The gold rush brought the first self-government to Alaska with the Civil Code of 1900. This allowed Alaskan towns to incorporate and form local governments for the first time. The Civil Code of 1900 was fine as far as it went, the governor of Alaska told Congress in 1906, but "I think it would be wise to provide some means by which the Alaskan code of laws could be revised."
One element in the Civil Code of 1900 allowed for territorial taxation in the form of business license taxes. This led to complaints of "taxation without representation," a contradiction that helped spur the campaign to give Alaska a voice in Congress.
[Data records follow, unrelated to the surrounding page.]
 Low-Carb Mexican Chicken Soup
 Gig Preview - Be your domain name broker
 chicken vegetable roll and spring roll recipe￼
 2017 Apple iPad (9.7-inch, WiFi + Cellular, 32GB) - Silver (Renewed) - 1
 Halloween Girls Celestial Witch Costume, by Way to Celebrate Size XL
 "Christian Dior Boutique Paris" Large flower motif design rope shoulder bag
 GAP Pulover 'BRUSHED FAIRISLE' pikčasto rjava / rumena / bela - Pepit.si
In 1903, a Senate subcommittee reported that "the universal opinion among all classes in Alaska is that the District should be represented by a delegate in Congress."
Alaskans wanted someone who could lend balance to the political situation in Washington, D.C. While unelected lobbyists of mining and shipping companies and the canned salmon industry made sure that their interests were protected, Alaskans felt they had no voice. Frustrated at the lack of progress, the citizens of Valdez sent a telegram to President Theodore Roosevelt on the day of his inauguration in 1905: "On behalf of 60,000 American citizens who are denied the right of representation in any form, we demand, in mass meeting assembled, that Alaska be annexed to Canada."
The campaign for a representative voice in the nation's capital paid off the following year when Congress finally allowed Alaskans to have one non-voting member in the U.S. House of Representatives. Some congressmen supported the addition because Alaska was becoming more famous as a result of the Gold Rush and so it required more attention. As President Roosevelt put it in a message to Congress, he preferred an elective delegate "whose business it shall be to speak with authority. " From then on, Alaska was a "territory," not a district as it had been called in the past.